ANALYSES

Pour une « diplomatie environnementale »

Presse
25 octobre 2011
Par Maxime Pinard, chercheur à l’IRIS

La crise économique et financière qui sévit depuis plus de trois ans a diminué considérablement la médiatisation des enjeux climatiques, qui pourtant concernent l’humanité dans son ensemble. Au nom de la lutte contre la crise et ses conséquences à la fois économiques et humaines surtout, nous avons sciemment sacrifié le débat écologique. Les scores encourageants de plusieurs partis écologistes, en Allemagne et en France par exemple, ne sauraient à eux seuls laisser penser que le débat écologique a repris des forces.


Rio, Kyoto, Copenhague. Autant de villes symbolisant les maigres progrès voire échecs retentissants des initiatives internationales en matière de protection environnementale. Pourtant, la volonté de certains participants était grande, et incomparable à celle des acteurs de la société civile, mais force est de constater que ce qui devrait être une priorité revêt un caractère "annexe" certain. A quoi cela est-il du ? Il est principalement question des puissances émergentes, des nouvelles puissances (Chine, Inde, Brésil) et des Etats-Unis qui font barrage à toute initiative susceptible de remettre en cause leur activité économique, et par voie de conséquence le niveau de vie de leur population. De la même façon, les Etats du Sud refusent de signer des accords qui entraveraient leur développement fulgurant, prétextant que les Etats riches du nord ont abusé pendant des décennies des ressources de la planète et que de ce fait, ils peuvent eux aussi agir ainsi. Ces arguments, bien que proches de la réalité, ne peuvent expliquer le blocage dans lequel nous sommes.


La première contrainte vient de la mondialisation qui, de par les interactions et dépendances qu’elle a créées entre des acteurs situés aux quatre coins de la planète, a rendu impossible toute solution à une échelle strictement étatique. Deuxièmement, bien que de remarquables travaux d’économistes l’aient démontré, il semble encore difficile pour les politiques d’accepter l’idée que plus l’on agira en amont, moins les catastrophes seront coûteuses, aussi bien en vies humaines qu’en termes économiques. La crise participe d’ailleurs à cette crispation des pouvoirs en place qui pensent au mieux sur cinq ans, négligeant les perspectives de moyen et long terme. Que faire par conséquent ?

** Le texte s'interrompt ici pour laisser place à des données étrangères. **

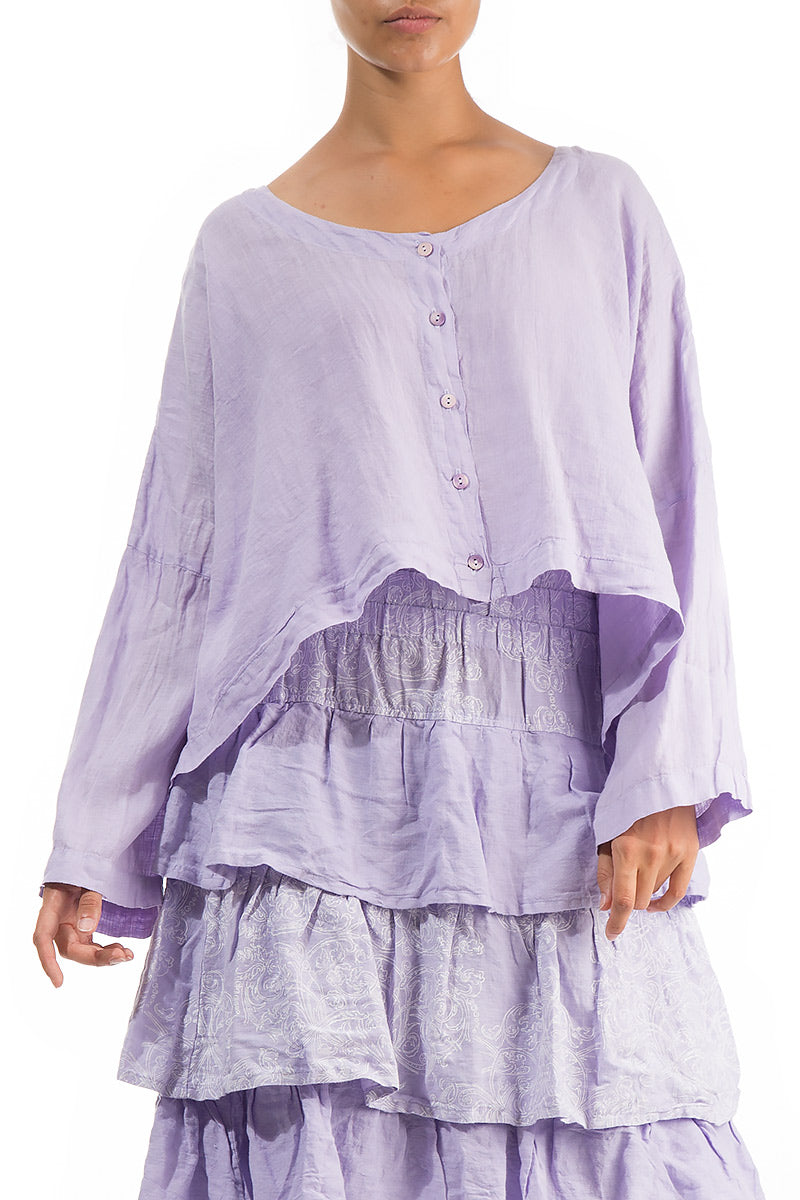 Loose Purple Linen Jacket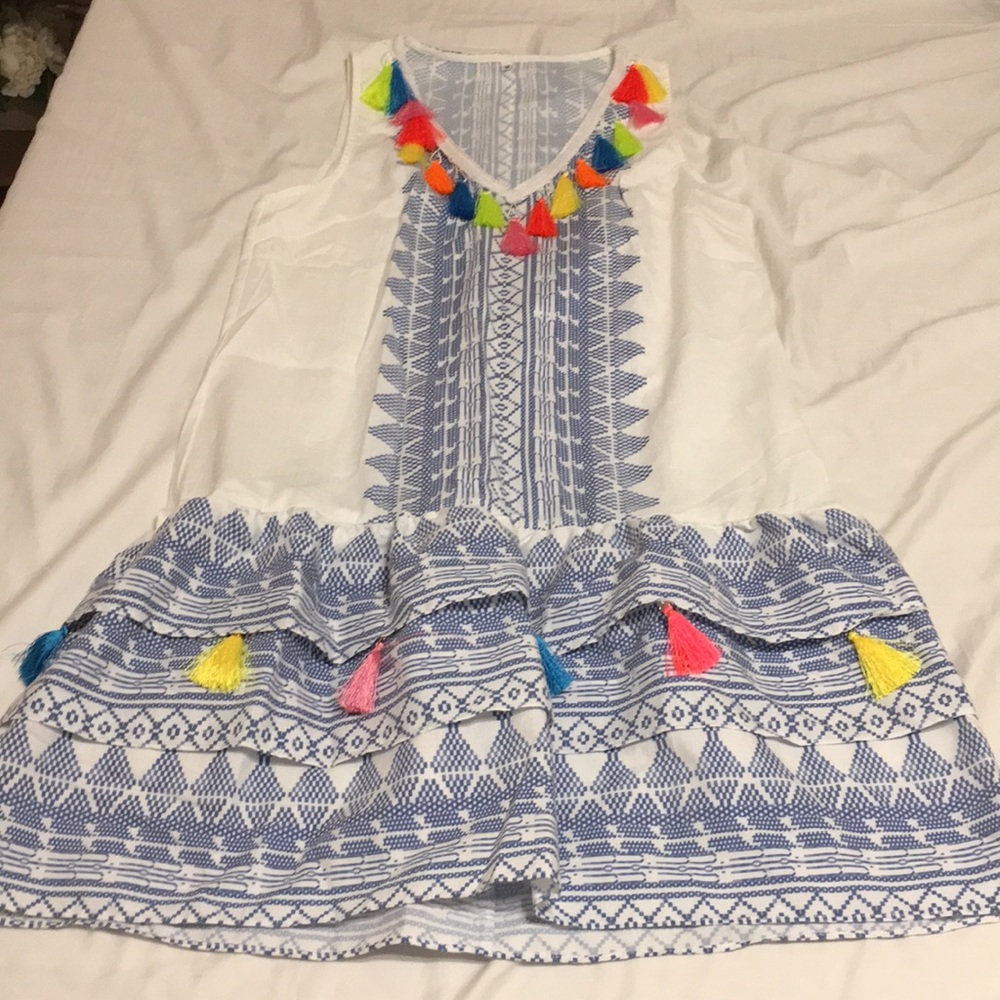White and blue sun dress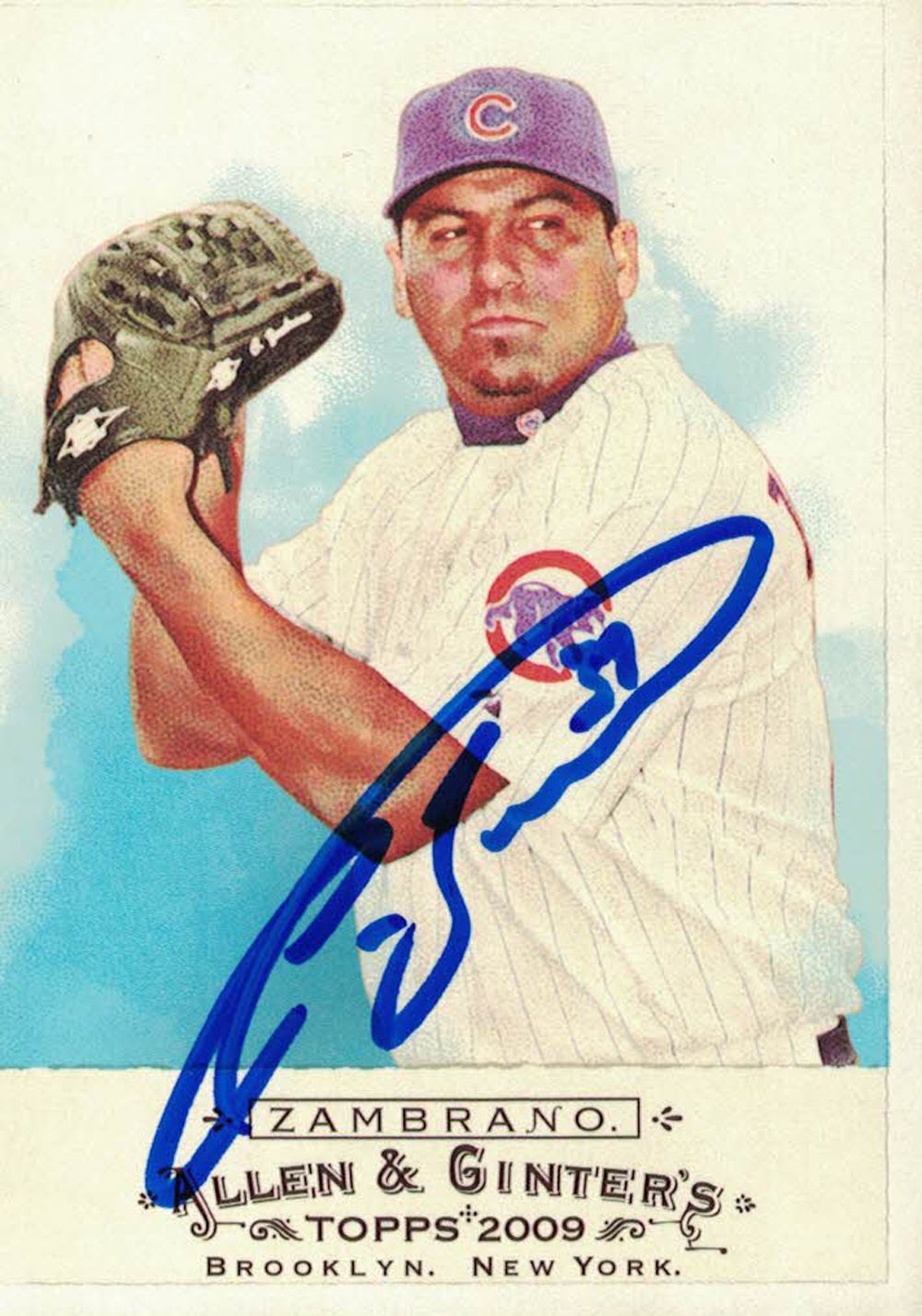 Carlos Zambrano Signed Chicago Cubs 2009 Topps Allen &amp; Ginters Card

Chacun sait qu’il suffit de créer une commission pour enterrer un problème ; c’est un peu ce qui se produit avec l’environnement, où les structures ad hoc ne parviennent pas à faire entendre leurs messages. D’ailleurs, on pourrait se demander au niveau national si l’existence d’un ministère de l’écologie a un sens, ou s’il ne faudrait pas plutôt insérer dans chaque ministère une composante environnementale. En d’autres termes, lorsqu’un ministre se rend à l’étranger défendre les intérêts industriels de son pays par exemple, ne pourrait-on pas envisager qu’il s’assure en même temps que les règles environnementales seront respectées par son partenaire ? Bien souvent, la question n’est pas posée, ou seulement a posteriori.


Or, si nous voulons que tous acceptent d’agir, il convient de mettre en place ce que je nommerais une "diplomatie environnementale", à même de faire entendre la nécessité de respect des principes environnementaux chaque fois que des intérêts sont défendus. Au lieu de donner à l’environnement une place à part, insérons-le dès que des projets affectent les équilibres précaires de la planète.


Certes, une telle politique peut conduire à des impasses, voire à des échecs avec des partenaires peu touchés par les questions environnementales. Mais le risque d’erreurs sur le long terme d’une politique occultant ces questions est sans commune mesure, et ce d’autant plus qu’il affectera les générations futures.


La notion de diplomatie environnementale met au cœur de la diplomatie de chaque Etat l’environnement, faisant de ce dernier une ligne conductrice, à même de relancer la machine des négociations qui demeure bloquée pour l’instant. Une solution universelle n’est pas envisageable, ne serait-ce qu’à cause de nos divergences d’intérêt, mais des solutions interétatiques pouvant susciter un mimétisme chez autrui sont à privilégier.


L’idée de diplomatie environnementale, sans doute difficile à faire accepter en raison des changements de culture politique qu’elle induit, devrait être mise en valeur. L’échec est possible, mais pas certain, et dans la situation actuelle assez alarmiste, c’est un risque à prendre.